After much too long a delay, version 5.10 of the STREAM benchmark has been released (at least in the C language version).
Although version 5.10 of the benchmark still measures exactly the same thing as previous versions, a number of long-awaited features have finally been integrated.
- Updated Validation Code
- Array indexing now allows arrays with more than 2 billion elements
- Data type used can now be overridden from the default “double” to “float” with a single compile flag
- Many small output formatting changes to account for computers getting bigger and faster
The validation code update is the biggest change to version 5.10 of stream.c.

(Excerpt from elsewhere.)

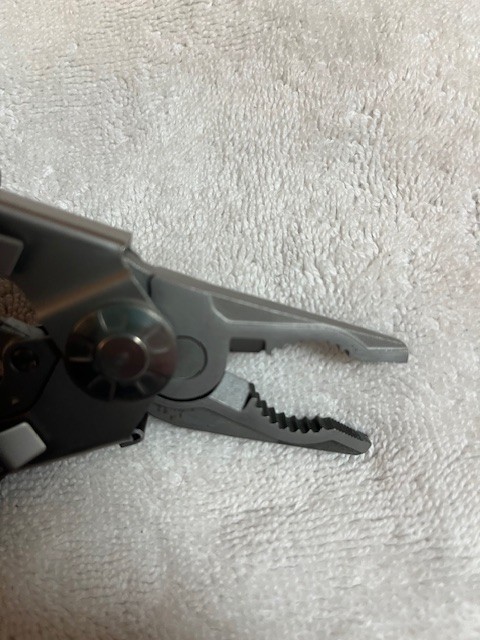 Gerber Grappler Multi tool w/locking pliers. Near Mint condition w/Case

With previous versions, the validation code was subject to accumulated round-off error that could cause the code to report that validation failed with large array sizes — even if nothing was actually wrong. The revised code eliminates this problem and has been tested to array sizes of 10 billion elements with no problems.
Previous version of STREAM were limited to 32-bit array indices. Version 5.10 defines the array indices using a type that will map to a 64-bit integer on 64-bit machine — thus allowing arrays with more than 2 billion elements. Most compilers require an additional command-line flag like “-mcmodel=medium” to allow full 64-bit addressing. The changes to STREAM in version 5.10 are required in addition to the extra command-line flag.
Dr. Bandwidth also found eight older submissions (from 2009 through early 2012) that somehow got lost in my mailbox and never posted to the site. These are listed on the STREAM benchmark What’s New page.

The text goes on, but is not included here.